● Records excerpted from a collection:
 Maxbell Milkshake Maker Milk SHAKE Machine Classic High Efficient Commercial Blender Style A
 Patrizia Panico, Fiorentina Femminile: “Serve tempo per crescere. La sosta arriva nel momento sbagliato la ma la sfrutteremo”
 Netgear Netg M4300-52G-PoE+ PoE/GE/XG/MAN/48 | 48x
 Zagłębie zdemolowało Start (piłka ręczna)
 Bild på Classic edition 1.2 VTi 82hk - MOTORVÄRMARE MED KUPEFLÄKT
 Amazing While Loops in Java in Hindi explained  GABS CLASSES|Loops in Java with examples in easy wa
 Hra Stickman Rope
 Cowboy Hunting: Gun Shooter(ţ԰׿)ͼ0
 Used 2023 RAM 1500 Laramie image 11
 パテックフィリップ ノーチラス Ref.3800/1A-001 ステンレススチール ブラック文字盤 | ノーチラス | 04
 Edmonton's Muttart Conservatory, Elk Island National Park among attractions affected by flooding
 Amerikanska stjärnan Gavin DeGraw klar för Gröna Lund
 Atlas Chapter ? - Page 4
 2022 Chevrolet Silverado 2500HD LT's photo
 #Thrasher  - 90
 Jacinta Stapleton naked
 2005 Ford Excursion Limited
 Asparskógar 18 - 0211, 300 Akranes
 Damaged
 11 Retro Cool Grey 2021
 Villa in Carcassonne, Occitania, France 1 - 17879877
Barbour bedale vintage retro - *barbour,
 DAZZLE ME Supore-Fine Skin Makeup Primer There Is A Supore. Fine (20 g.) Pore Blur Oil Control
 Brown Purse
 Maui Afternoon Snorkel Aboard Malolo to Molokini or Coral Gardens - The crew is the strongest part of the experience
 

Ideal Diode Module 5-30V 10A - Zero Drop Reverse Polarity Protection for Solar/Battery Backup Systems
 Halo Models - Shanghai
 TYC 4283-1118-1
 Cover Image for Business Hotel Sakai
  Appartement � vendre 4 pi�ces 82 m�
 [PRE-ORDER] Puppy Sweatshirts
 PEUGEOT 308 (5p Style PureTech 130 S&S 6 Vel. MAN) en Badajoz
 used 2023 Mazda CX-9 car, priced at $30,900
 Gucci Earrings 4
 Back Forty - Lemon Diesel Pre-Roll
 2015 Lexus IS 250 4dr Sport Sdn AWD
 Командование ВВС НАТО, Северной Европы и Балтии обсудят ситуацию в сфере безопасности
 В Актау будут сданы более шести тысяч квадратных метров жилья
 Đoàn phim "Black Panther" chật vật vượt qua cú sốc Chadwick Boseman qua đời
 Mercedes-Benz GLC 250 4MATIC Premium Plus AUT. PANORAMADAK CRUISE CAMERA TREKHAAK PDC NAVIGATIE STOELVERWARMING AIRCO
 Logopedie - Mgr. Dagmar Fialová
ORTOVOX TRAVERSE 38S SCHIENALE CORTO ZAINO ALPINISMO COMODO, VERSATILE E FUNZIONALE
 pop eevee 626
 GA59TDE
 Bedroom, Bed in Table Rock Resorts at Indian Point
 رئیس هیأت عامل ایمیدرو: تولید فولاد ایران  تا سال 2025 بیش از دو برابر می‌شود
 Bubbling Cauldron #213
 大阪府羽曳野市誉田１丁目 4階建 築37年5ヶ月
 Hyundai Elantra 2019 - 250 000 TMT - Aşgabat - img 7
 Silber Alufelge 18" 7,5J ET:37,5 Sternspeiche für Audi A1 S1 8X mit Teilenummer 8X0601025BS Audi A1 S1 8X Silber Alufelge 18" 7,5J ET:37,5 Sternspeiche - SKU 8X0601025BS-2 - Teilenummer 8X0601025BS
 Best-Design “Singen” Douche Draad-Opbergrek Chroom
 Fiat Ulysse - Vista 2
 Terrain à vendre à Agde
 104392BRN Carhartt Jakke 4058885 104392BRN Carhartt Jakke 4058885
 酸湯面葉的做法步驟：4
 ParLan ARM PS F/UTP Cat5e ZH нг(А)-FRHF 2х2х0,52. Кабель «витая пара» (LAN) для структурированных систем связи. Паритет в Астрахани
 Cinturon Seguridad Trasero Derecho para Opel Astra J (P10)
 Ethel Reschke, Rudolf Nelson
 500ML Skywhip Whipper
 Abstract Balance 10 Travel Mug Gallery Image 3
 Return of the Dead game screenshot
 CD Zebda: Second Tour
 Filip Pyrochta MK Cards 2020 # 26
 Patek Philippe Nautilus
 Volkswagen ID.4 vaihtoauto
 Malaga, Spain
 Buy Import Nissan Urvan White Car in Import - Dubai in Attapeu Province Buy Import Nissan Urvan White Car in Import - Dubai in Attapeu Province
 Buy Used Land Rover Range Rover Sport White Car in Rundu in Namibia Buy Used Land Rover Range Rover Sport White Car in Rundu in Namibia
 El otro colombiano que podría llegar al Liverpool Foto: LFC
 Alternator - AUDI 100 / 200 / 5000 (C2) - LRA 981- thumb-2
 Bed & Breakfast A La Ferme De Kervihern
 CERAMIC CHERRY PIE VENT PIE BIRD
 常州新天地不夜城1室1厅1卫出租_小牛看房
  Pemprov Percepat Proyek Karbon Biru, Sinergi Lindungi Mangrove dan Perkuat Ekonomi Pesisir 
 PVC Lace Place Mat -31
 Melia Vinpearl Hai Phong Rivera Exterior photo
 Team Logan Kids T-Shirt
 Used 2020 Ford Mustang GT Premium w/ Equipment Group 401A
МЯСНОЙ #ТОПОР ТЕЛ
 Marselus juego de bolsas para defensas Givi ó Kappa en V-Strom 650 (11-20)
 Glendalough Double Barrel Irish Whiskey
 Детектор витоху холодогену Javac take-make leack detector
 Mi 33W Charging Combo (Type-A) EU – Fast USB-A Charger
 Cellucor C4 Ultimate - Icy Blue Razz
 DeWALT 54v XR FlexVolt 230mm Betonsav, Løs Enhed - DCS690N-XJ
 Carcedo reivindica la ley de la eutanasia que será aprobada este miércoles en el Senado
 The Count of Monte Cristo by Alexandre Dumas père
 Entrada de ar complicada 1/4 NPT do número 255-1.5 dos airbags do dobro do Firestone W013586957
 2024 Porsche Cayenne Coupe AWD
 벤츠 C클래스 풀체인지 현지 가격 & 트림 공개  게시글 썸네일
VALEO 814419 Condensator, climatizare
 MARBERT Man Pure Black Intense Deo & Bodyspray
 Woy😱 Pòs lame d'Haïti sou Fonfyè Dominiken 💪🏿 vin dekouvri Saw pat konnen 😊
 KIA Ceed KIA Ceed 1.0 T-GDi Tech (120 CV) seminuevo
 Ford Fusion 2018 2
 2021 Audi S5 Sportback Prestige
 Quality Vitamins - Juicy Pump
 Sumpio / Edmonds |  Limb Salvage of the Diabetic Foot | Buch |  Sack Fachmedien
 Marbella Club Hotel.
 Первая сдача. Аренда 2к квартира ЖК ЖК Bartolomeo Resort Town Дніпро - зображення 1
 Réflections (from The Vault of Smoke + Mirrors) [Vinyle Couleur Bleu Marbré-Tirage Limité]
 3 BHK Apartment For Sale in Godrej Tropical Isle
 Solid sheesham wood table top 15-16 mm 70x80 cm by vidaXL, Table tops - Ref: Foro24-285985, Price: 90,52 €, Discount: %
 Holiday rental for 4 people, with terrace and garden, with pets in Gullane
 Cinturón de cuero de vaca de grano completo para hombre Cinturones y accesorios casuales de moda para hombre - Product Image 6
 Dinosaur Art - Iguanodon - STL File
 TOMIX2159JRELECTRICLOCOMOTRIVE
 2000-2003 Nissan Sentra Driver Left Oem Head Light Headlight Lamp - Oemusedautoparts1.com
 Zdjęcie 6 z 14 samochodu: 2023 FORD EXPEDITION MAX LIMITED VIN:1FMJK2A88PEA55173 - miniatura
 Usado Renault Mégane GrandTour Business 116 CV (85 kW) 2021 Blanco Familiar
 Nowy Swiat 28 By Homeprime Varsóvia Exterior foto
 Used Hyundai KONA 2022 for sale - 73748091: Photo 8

● About this exercise: Reproduce, exactly as they stand in the data above, the lines from the one that holds "Used 2020 Ford" to the one that holds "Woy😱 Pòs lame", inclusive.

● Exercise answer:
 Used 2020 Ford Mustang GT Premium w/ Equipment Group 401A
МЯСНОЙ #ТОПОР ТЕЛ
 Marselus juego de bolsas para defensas Givi ó Kappa en V-Strom 650 (11-20)
 Glendalough Double Barrel Irish Whiskey
 Детектор витоху холодогену Javac take-make leack detector
 Mi 33W Charging Combo (Type-A) EU – Fast USB-A Charger
 Cellucor C4 Ultimate - Icy Blue Razz
 DeWALT 54v XR FlexVolt 230mm Betonsav, Løs Enhed - DCS690N-XJ
 Carcedo reivindica la ley de la eutanasia que será aprobada este miércoles en el Senado
 The Count of Monte Cristo by Alexandre Dumas père
 Entrada de ar complicada 1/4 NPT do número 255-1.5 dos airbags do dobro do Firestone W013586957
 2024 Porsche Cayenne Coupe AWD
 벤츠 C클래스 풀체인지 현지 가격 & 트림 공개  게시글 썸네일
VALEO 814419 Condensator, climatizare
 MARBERT Man Pure Black Intense Deo & Bodyspray
 Woy😱 Pòs lame d'Haïti sou Fonfyè Dominiken 💪🏿 vin dekouvri Saw pat konnen 😊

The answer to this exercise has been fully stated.